[Short text fragments from websites]
┏━━
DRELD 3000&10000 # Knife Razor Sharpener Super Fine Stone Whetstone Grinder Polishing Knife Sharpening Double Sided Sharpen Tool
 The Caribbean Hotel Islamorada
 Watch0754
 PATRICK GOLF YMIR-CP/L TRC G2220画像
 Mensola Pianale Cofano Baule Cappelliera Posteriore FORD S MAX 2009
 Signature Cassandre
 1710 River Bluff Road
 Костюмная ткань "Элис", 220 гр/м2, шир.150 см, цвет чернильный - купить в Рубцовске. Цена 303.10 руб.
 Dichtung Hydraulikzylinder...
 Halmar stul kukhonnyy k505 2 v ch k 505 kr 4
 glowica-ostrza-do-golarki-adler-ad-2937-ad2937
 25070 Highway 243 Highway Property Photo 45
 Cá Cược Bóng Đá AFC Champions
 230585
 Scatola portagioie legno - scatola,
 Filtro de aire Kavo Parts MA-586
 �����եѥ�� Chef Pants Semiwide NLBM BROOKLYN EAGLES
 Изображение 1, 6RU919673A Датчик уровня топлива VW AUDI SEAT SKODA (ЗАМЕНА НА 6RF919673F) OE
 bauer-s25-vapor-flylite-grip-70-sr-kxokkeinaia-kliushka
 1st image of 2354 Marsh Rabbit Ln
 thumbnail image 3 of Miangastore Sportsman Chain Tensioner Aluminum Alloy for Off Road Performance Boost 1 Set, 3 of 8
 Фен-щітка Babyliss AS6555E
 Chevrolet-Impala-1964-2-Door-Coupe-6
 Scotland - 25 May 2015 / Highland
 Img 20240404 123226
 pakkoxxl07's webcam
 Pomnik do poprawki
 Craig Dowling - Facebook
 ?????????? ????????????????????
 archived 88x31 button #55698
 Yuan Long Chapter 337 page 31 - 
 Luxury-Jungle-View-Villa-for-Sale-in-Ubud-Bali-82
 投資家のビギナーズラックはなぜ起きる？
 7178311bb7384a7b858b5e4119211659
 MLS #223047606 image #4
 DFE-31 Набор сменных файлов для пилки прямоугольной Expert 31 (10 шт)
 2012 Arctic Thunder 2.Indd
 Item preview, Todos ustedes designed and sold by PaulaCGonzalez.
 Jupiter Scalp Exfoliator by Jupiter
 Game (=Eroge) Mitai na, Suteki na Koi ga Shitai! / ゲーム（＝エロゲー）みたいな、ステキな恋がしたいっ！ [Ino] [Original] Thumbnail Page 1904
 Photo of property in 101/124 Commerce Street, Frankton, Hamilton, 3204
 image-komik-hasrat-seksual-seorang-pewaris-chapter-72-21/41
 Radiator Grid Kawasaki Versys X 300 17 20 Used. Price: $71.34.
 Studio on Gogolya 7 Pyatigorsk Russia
┗━━
(Activity):
Show me every line of the entries above that holds "image".

(Exercise output):
 1st image of 2354 Marsh Rabbit Ln
 thumbnail image 3 of Miangastore Sportsman Chain Tensioner Aluminum Alloy for Off Road Performance Boost 1 Set, 3 of 8
 MLS #223047606 image #4
 image-komik-hasrat-seksual-seorang-pewaris-chapter-72-21/41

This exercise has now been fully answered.